Content starts
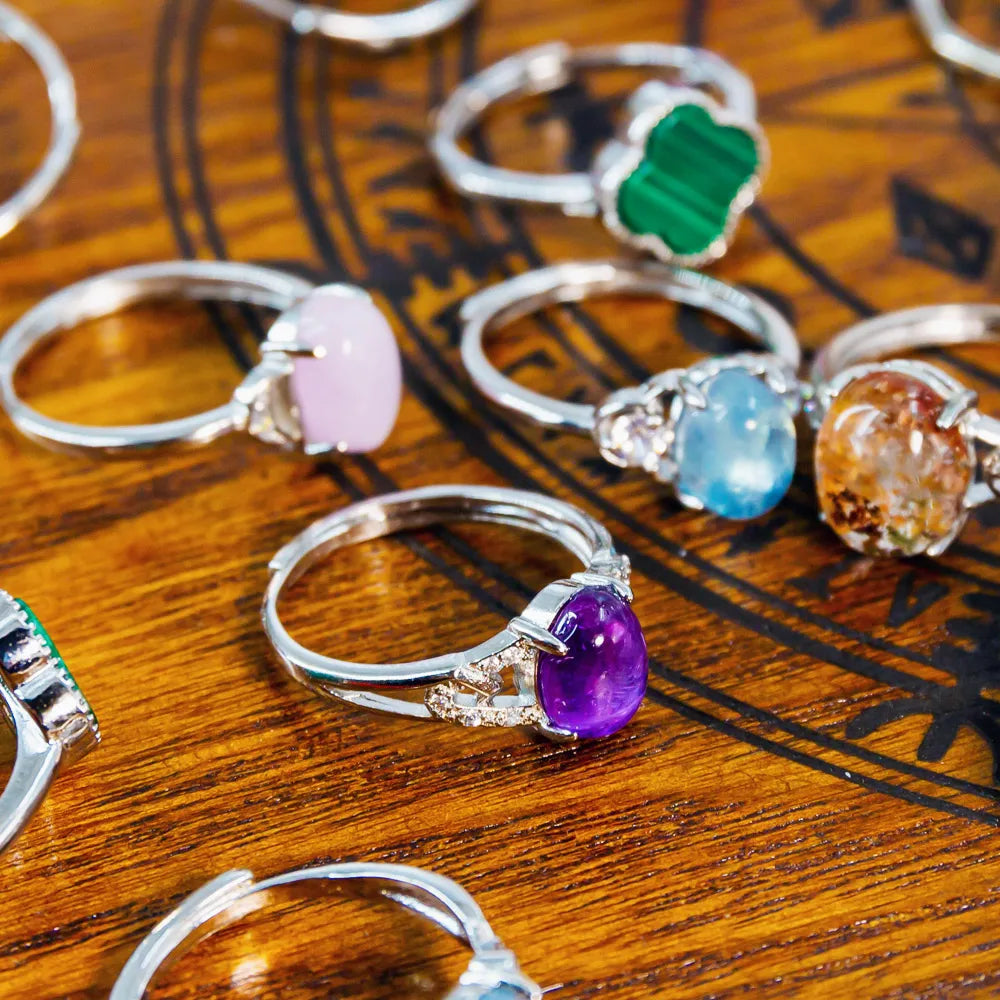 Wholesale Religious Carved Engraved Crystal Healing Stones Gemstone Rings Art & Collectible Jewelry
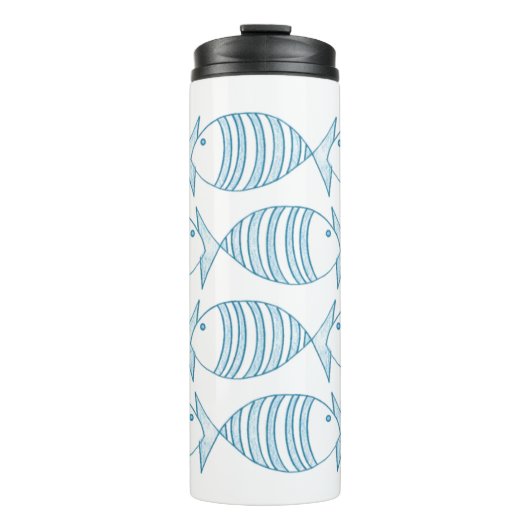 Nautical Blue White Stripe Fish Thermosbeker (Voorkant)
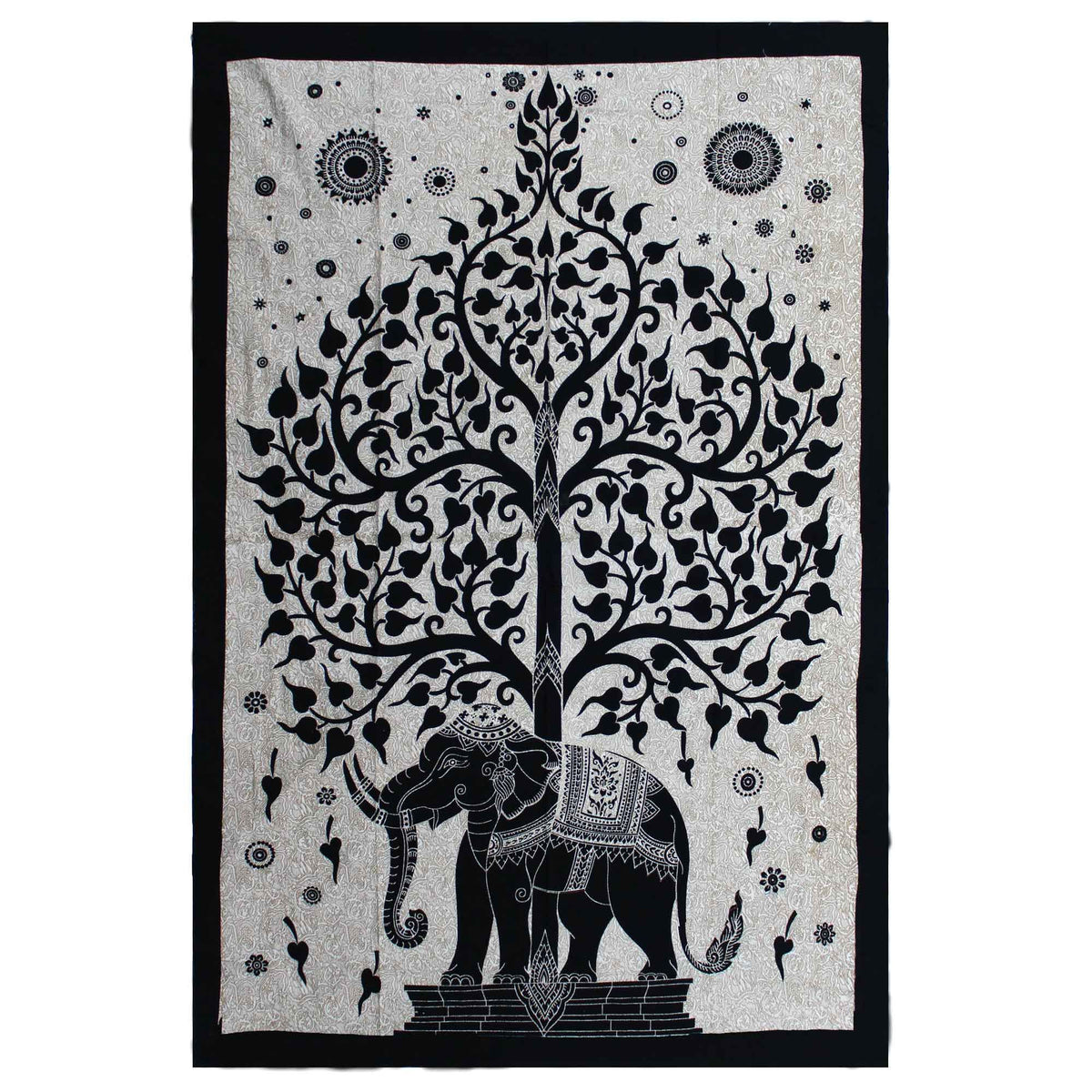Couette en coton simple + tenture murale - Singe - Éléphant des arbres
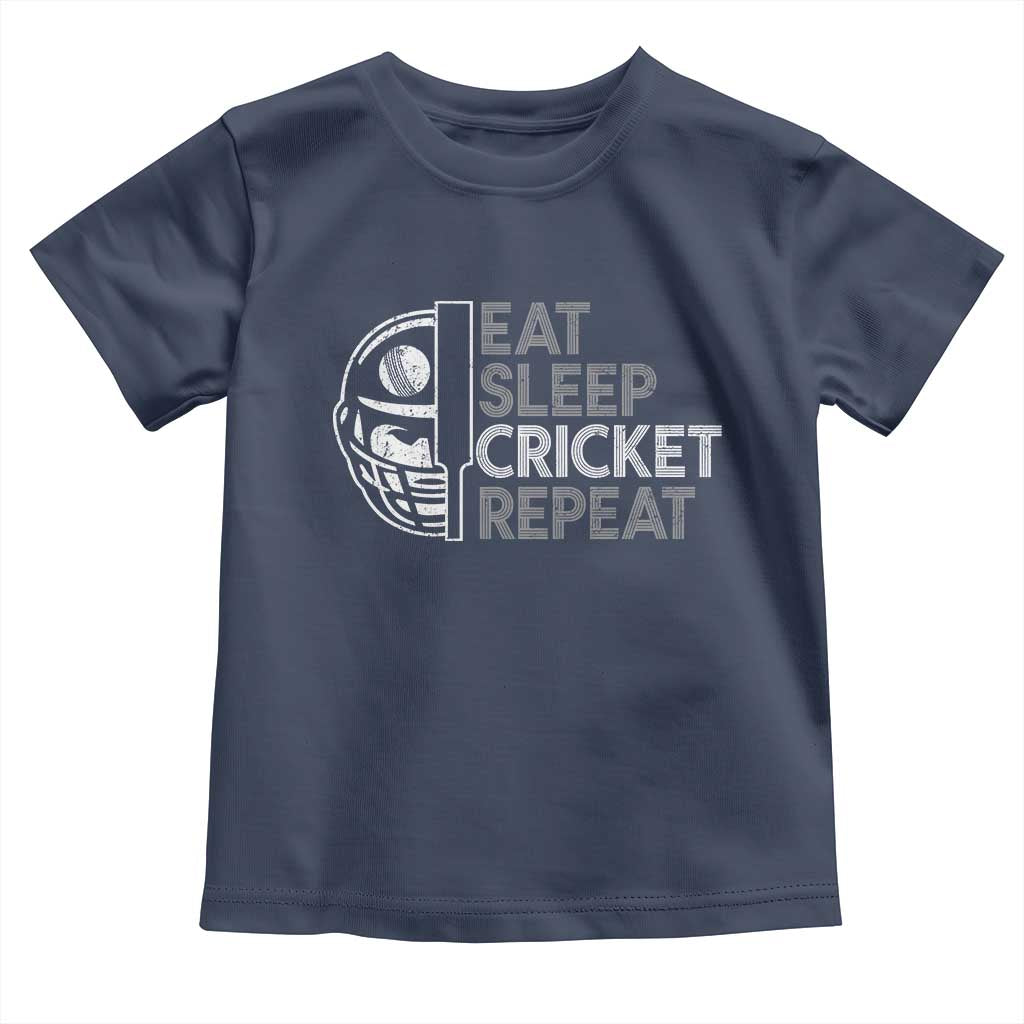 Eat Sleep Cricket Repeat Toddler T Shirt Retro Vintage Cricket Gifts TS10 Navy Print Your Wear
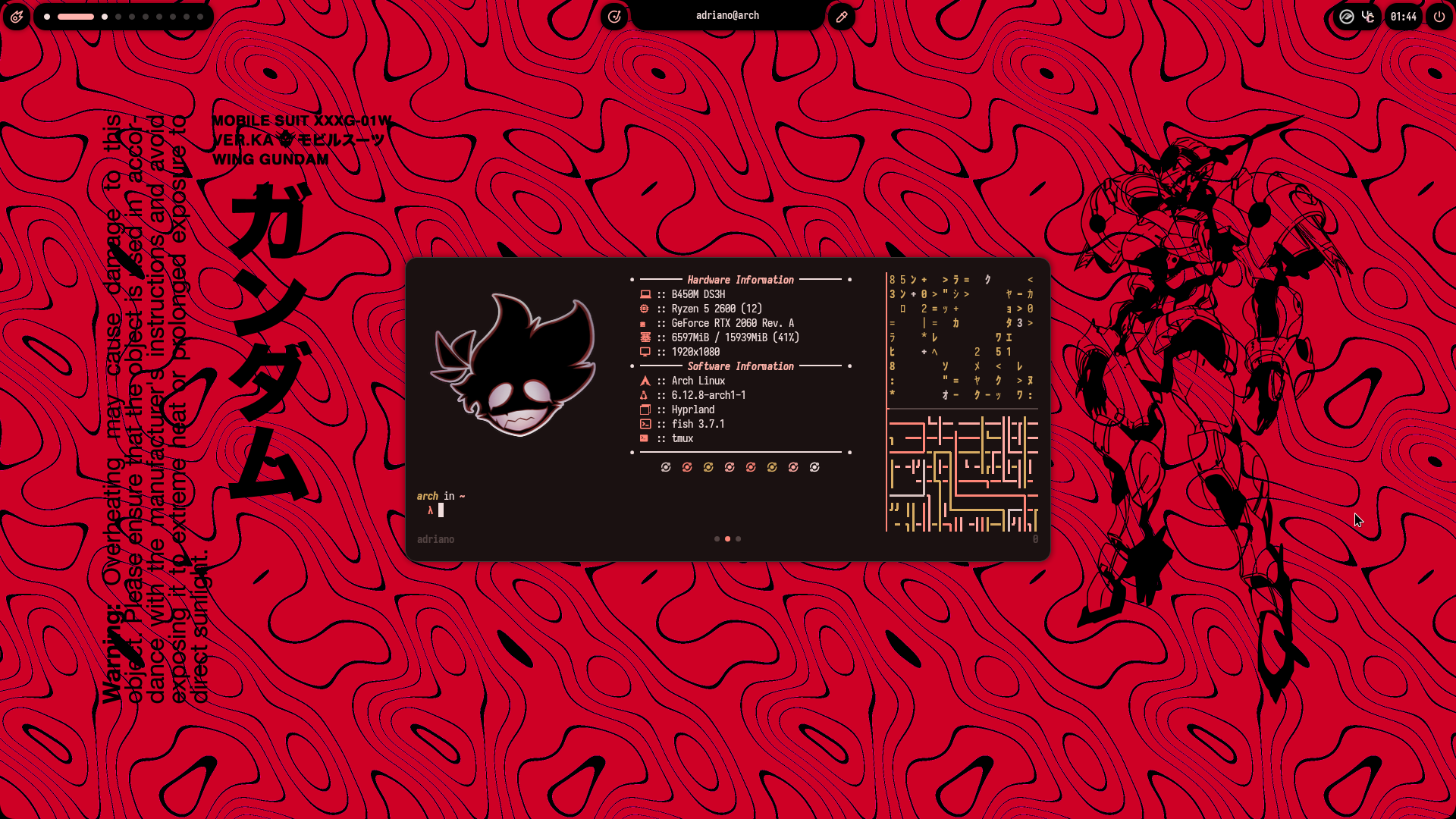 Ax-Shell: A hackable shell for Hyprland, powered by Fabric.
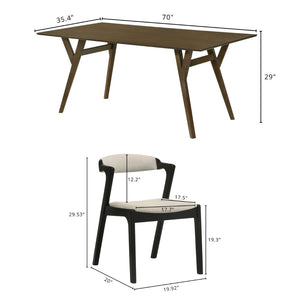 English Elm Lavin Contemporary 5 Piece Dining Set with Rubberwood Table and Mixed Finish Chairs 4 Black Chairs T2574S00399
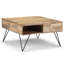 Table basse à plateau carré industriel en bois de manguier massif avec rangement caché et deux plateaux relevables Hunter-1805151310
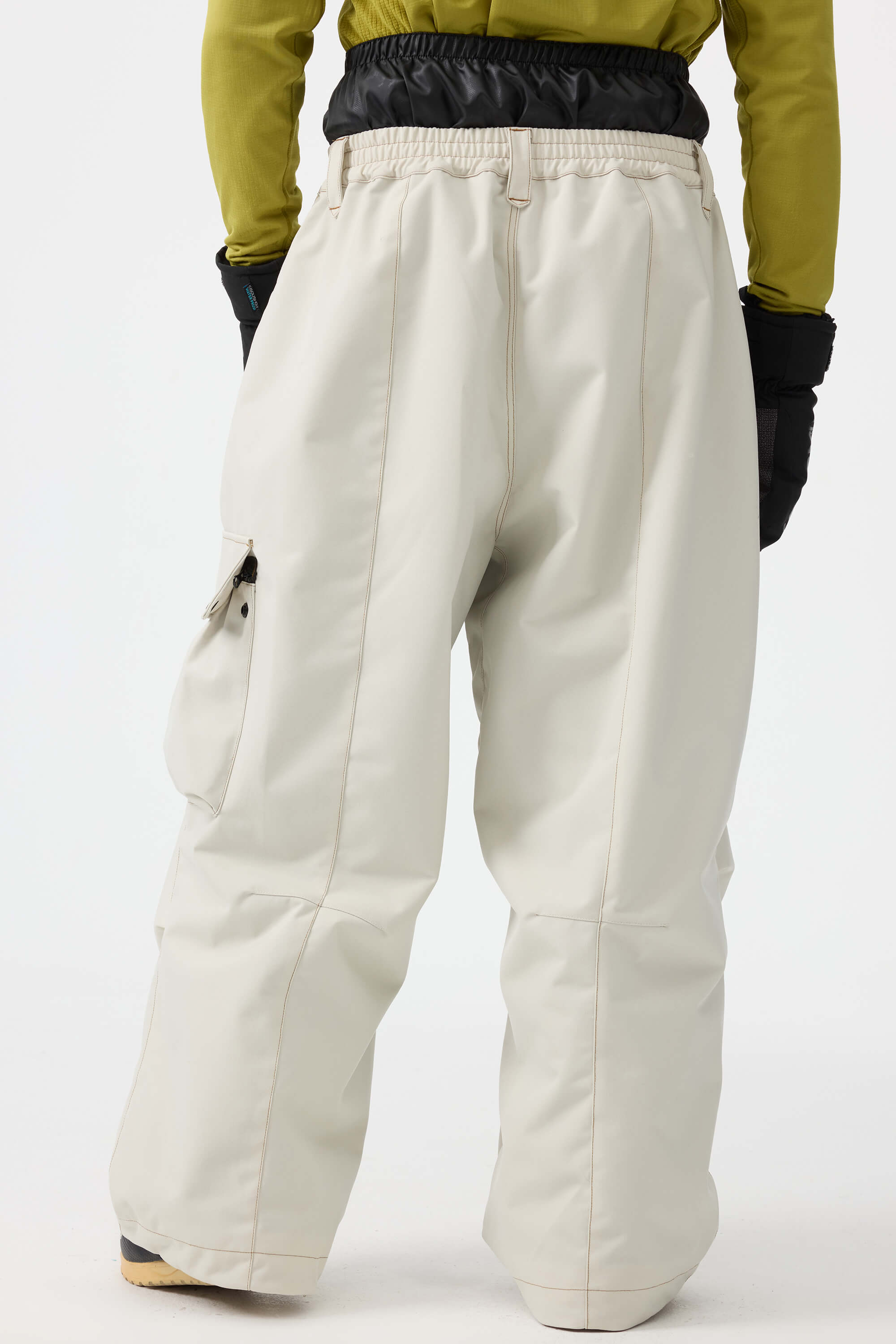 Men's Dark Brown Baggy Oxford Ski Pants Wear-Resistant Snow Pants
Content ends
Description of the task =>
Every line above must appear in the answer unchanged, and no picture may appear in it.

Exercise response =>
 Wholesale Religious Carved Engraved Crystal Healing Stones Gemstone Rings Art & Collectible Jewelry
 Nautical Blue White Stripe Fish Thermosbeker (Voorkant)
Couette en coton simple + tenture murale - Singe - Éléphant des arbres
 Eat Sleep Cricket Repeat Toddler T Shirt Retro Vintage Cricket Gifts TS10 Navy Print Your Wear
 Ax-Shell: A hackable shell for Hyprland, powered by Fabric.
 English Elm Lavin Contemporary 5 Piece Dining Set with Rubberwood Table and Mixed Finish Chairs 4 Black Chairs T2574S00399
 Table basse à plateau carré industriel en bois de manguier massif avec rangement caché et deux plateaux relevables Hunter-1805151310
 Men's Dark Brown Baggy Oxford Ski Pants Wear-Resistant Snow Pants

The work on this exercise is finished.